En 1918, los cuatro gobernantes de los países derrotados (Alemania, Austria-Hungría, Turquía y Bulgaria) perdieron el trono, además del zar de Rusia, que ya había sido derrocado en 1917, después de ser derrotado por Alemania. Por otra parte, los disturbios sociales, que en Italia alcanzaron una dimensión casi revolucionaria, también sacudieron a los países beligerantes europeos del bando vencedor.
Parecía que sólo hacía falta una señal para que los pueblos se levantaran a sustituir el capitalismo por el socialismo, transformando los sufrimientos sin sentido de la guerra mundial en un acontecimiento de carácter más positivo. Fue la revolución rusa —o, más exactamente, la revolución bolchevique— de octubre de 1917 la que lanzó esa señal al mundo, convirtiéndose así en un acontecimiento tan crucial para la historia de este siglo como lo fuera la revolución francesa de 1789 para el devenir del siglo xix.
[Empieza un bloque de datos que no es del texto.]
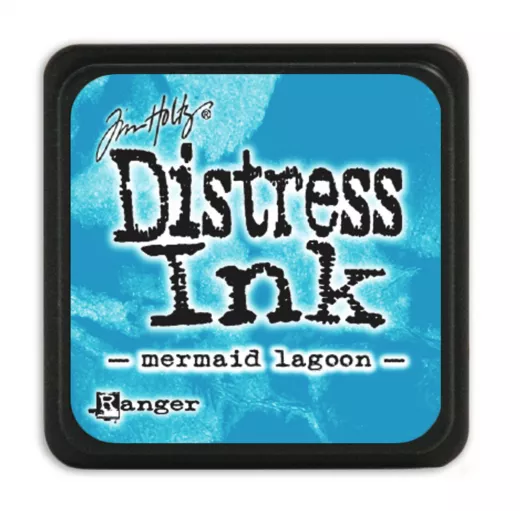 Distress Mini Ink Kissen - Mermaid Lagoon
La revolución de octubre originó el movimiento revolucionario de mayor alcance que ha conocido la historia moderna. Su expansión mundial no tiene parangón desde las conquistas del islam en su primer siglo de existencia. Sólo treinta o cuarenta años después de que Lenin llegara a la estación de Finlandia en Petrogrado, un tercio de la humanidad vivía bajo regímenes que derivaban directamente de «los diez días que estremecieron el mundo» (Reed, 1919) y del modelo organizativo de Lenin, el Partido Comunista. La mayor parte de esos regímenes se ajustaron al modelo de la URSS en la segunda oleada revolucionaria que siguió a la conclusión de la segunda fase de la larga guerra mundial de 1914-1945.
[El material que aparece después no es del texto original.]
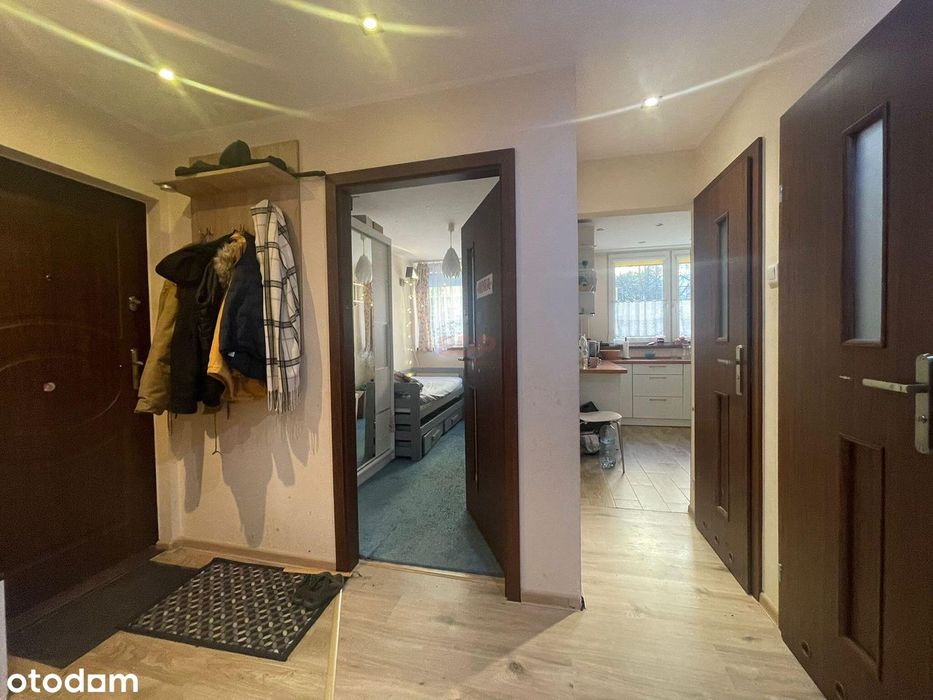 3-Pokojowe Mieszkanie Na Popowicach / 57M2 / Rozkład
Durante una gran parte del siglo xx, el comunismo soviético pretendió ser un sistema alternativo y superior al capitalismo, destinado por la historia a superarlo. Y durante una gran parte del período, incluso muchos de quienes negaban esa superioridad albergaron serios temores de que resultara vencedor. En efecto, la revolución de octubre se veía a sí misma, más incluso que la revolución francesa en su fase jacobina, como un acontecimiento de índole ecuménica –universal- más que nacional. Su finalidad no era instaurar la libertad y el socialismo en Rusia, sino llevar a cabo la revolución proletaria mundial. A los ojos de Lenin y de sus camaradas, la victoria del bolchevismo en Rusia era ante todo una batalla en la campaña que garantizaría su triunfo a escala universal, y esa era su auténtica justificación.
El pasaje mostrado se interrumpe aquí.